――それでは第3回は『癒し手』の作業工程を、実際の原稿に照らし合わせながらお伺いしたいと思います。まずはネームに取りかかる前、原作を読み込むところから始まると思いますが……。
『癒し手』の場合、最初に担当さんとコミックス1巻分に原作のエピソードをどこまで入れるか相談して、構成案を作成しているんですよ。なのでそちらに合わせて毎回、ネームに取りかかる前に原作を読んで、エピソードの量の見当をつける感じですね。これが実際に使っている原作本ですが(と言って小説を持ち出してくる)……たぶん日本で1番、『癒し手』を読み込んでいると言えるくらいの黄ばみ具合ですね(笑)
――――どれだけ原作と向き合ったのかが伝わりますね! 文字をネームに起こす際に苦労する点はありますか?
苦労は特にないかな? もともと本を読む時は頭の中に絵を浮かべながら、というタイプなので。ここからここまでで1ページくらいかな、と考えながら読んでいます。大ゴマで見せたい場面が浮かんだら、原作のページにわかりやすくキラキラマークを書き込んだりしていますね。
――――ネーム作業に集中できるのは自宅という方と、喫茶店等の外出先という方に大きく分かれると思いますが、村上先生はどちら派ですか?

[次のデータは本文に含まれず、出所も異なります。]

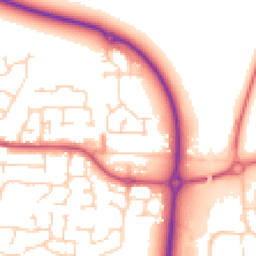 Daytime road noise heatmap for LS25 6QQ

断然、外出先派です。自宅から徒歩圏内に何軒かファミレスがあるので、原作本とiPadを持ち込んで一気に勢いを付けてやります。やるぞー! と気合を入れて、ガーッと集中して進めますね。
――――iPadでネームをされているんですね。
最初は紙に描いていたんですけれど、担当さんに携帯のスキャンアプリで撮影してお送りしていたので、解像度が低くて自分でも読みづらいし、何より手間がかかって……。今はタッチペンで直接、iPadに描いています。iPadだとマルチタスク機能で前のページが表示できるので、見開きでコマ割りがかぶらないかチェックするのも楽ですね。コマ割りは常に目線が動かされるような感じというか、読者さんを飽きさせない、描いてる自分も飽きない形にまとめたいと思っているので。